Re: [PATCH v2 2/3] fast-export: improve speed by skipping blobs

Felipe Contreras <felipe.contreras@xxxxxxxxx> · Mon, 6 May 2013 14:02:13 -0500

On Mon, May 6, 2013 at 7:31 AM, Jeff King <peff@xxxxxxxx> wrote:
> On Sun, May 05, 2013 at 05:38:53PM -0500, Felipe Contreras wrote:
>
>> We don't care about blobs, or any object other than commits, but in
>> order to find the type of object, we are parsing the whole thing, which
>> is slow, specially in big repositories with lots of big files.
>
> I did a double-take on reading this subject line and first paragraph,
> thinking "surely fast-export needs to actually output blobs?".

If you think that, then you are not familiar with the code.

--export-marks=<file>::
	Dumps the internal marks table to <file> when complete.
	Marks are written one per line as `:markid SHA-1`. Only marks
	for revisions are dumped; marks for blobs are ignored.

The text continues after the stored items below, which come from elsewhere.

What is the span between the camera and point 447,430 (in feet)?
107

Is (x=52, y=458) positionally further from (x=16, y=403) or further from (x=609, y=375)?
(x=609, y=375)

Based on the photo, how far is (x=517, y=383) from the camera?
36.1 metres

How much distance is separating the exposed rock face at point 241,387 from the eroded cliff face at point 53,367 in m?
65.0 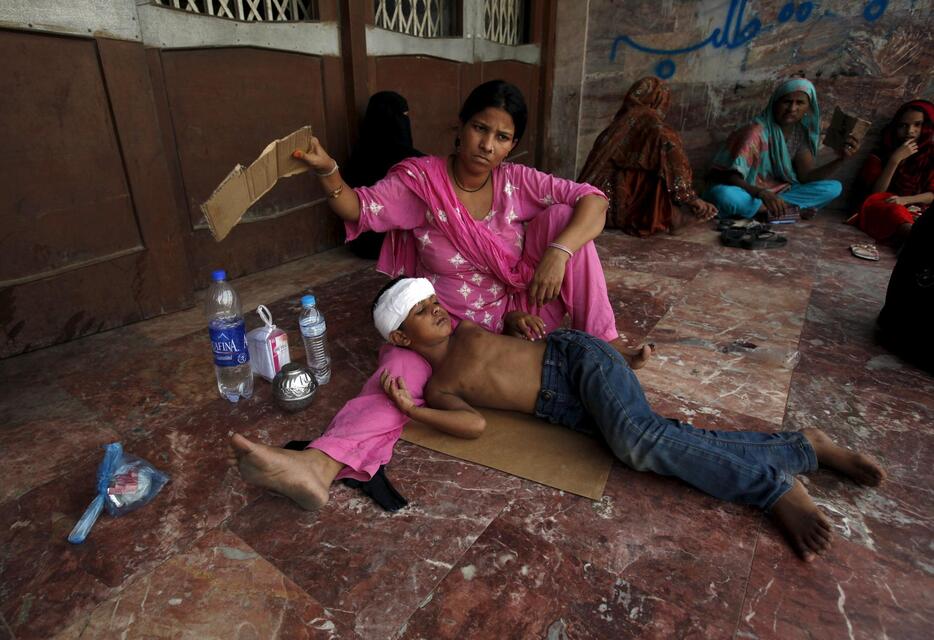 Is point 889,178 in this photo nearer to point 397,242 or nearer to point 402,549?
point 397,242

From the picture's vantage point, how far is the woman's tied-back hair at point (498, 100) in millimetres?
2092

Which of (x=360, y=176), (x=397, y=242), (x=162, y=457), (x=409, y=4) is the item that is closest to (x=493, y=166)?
(x=397, y=242)

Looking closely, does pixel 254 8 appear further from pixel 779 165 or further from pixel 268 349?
pixel 779 165

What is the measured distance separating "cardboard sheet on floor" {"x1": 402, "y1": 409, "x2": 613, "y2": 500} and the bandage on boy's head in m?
0.38

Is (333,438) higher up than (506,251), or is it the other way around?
(506,251)

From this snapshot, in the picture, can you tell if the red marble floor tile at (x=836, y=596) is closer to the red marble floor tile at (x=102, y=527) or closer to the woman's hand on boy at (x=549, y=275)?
the woman's hand on boy at (x=549, y=275)

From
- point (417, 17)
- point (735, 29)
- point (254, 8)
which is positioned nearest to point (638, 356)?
point (254, 8)

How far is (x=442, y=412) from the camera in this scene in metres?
1.82

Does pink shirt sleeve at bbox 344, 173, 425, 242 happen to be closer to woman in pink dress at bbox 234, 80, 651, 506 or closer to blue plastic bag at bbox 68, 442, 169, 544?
woman in pink dress at bbox 234, 80, 651, 506

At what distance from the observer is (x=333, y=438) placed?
174cm

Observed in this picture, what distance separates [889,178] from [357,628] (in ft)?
18.8

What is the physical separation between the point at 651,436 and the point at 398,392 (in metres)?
0.79

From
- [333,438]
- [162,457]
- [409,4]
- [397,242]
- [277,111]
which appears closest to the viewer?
[333,438]

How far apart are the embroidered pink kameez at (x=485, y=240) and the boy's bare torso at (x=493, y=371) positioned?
35 cm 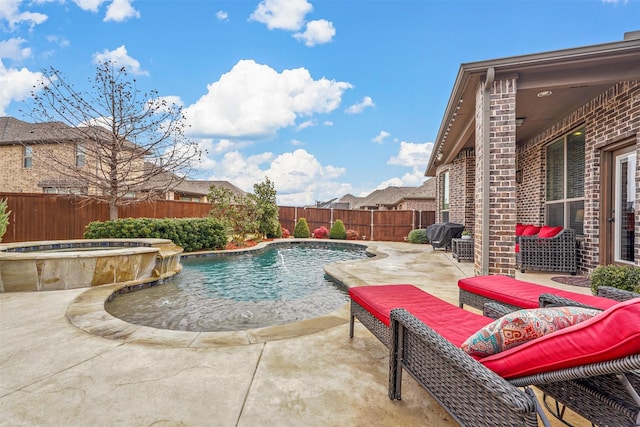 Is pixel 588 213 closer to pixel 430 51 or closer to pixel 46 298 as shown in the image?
pixel 430 51

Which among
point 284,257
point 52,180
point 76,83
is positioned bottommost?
point 284,257

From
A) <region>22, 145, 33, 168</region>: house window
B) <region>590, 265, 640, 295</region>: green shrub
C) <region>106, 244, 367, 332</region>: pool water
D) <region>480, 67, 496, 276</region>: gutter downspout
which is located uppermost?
<region>22, 145, 33, 168</region>: house window

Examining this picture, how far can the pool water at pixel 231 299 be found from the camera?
3729 mm

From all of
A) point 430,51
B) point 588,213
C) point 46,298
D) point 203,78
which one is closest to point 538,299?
point 588,213

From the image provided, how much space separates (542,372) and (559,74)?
4.88m

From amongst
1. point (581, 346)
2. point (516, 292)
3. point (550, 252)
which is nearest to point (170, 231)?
point (516, 292)

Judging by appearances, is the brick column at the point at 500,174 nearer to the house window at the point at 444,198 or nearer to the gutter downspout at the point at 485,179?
the gutter downspout at the point at 485,179

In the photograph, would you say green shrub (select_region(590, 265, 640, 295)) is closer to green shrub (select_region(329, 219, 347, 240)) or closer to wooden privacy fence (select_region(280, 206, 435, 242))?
green shrub (select_region(329, 219, 347, 240))

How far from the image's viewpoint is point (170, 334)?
115 inches

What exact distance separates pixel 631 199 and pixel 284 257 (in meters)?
7.76

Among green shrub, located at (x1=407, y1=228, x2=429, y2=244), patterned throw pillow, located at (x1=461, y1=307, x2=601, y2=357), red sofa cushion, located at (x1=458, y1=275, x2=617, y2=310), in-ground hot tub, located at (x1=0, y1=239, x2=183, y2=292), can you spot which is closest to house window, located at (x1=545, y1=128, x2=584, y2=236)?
red sofa cushion, located at (x1=458, y1=275, x2=617, y2=310)

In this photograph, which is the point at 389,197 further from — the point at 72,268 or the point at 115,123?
the point at 72,268

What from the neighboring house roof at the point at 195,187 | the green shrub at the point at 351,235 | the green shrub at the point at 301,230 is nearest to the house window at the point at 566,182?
the green shrub at the point at 351,235

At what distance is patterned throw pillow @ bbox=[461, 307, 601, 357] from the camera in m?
1.40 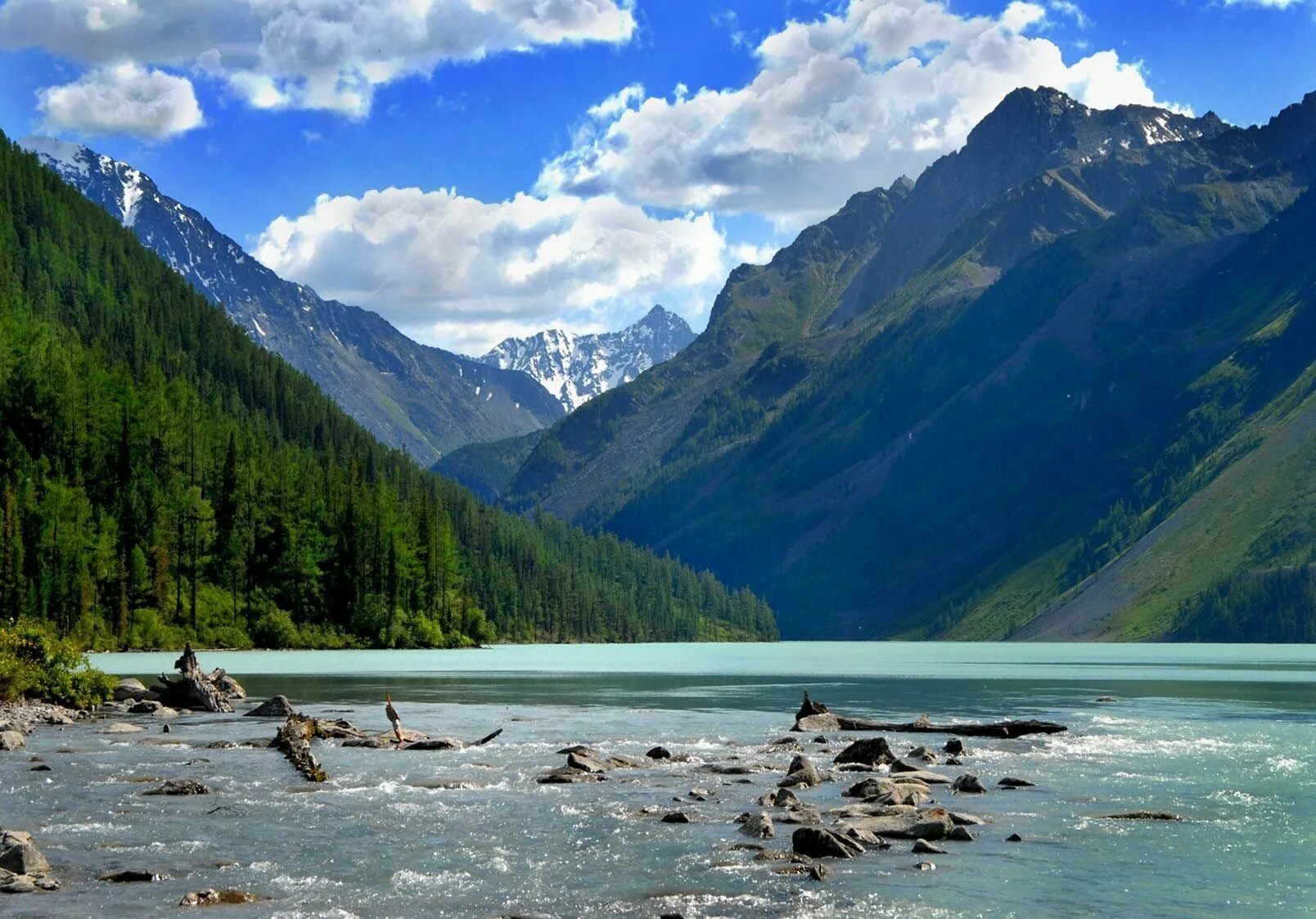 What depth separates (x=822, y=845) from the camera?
122 ft

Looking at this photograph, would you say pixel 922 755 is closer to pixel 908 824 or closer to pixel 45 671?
pixel 908 824

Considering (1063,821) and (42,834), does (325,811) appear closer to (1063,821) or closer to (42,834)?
(42,834)

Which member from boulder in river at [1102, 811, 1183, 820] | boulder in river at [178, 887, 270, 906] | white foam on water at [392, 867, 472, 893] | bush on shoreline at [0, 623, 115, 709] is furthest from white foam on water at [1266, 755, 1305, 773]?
bush on shoreline at [0, 623, 115, 709]

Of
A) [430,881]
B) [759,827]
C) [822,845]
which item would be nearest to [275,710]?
[759,827]

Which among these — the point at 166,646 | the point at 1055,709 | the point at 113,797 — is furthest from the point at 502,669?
the point at 113,797

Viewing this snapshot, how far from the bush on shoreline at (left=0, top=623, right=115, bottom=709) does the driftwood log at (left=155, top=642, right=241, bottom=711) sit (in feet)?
15.7

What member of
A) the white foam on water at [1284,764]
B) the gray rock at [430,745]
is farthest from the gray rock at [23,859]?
the white foam on water at [1284,764]

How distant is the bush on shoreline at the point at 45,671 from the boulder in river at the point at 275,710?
10.4 metres

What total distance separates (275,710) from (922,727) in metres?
39.1

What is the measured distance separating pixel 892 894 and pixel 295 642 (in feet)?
570

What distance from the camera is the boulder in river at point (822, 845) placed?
3691cm

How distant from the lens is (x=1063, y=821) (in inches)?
1708

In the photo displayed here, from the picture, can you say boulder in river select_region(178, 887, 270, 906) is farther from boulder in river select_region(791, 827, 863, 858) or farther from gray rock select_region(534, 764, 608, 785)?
gray rock select_region(534, 764, 608, 785)

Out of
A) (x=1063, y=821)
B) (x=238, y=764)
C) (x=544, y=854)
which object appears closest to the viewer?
(x=544, y=854)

		if (deco->base && deco->base->type == 1) {
			mark = ptr_to_mark(deco->decoration);
			if (fprintf(f, ":%"PRIu32" %s\n", mark,
				sha1_to_hex(deco->base->sha1)) < 0) {
			    e = 1;
			    break;
			}
		}

> Reading the patch, I see that this is only about not bothering to load
> blob marks from --import-marks. It might be nice to mention that in the
> commit message, which is otherwise quite confusing.

The commit message says it exactly like it is: we don't care about blobs.

If an object is not a commit, we *already* skip it. But as the commit
message already says, we do so by parsing the whole thing.

> I'm also not sure why your claim "we don't care about blobs" is true,
> because naively we would want future runs of fast-export to avoid having
> to write out the whole blob content when mentioning the blob again.

Because it's pointless to have hundreds and thousands of blob marks
that are *never* going to be used, only for an extremely tiny minority
that would.

> Does that match your reasoning?

It doesn't matter, it has been that way since --export-marks was introduced.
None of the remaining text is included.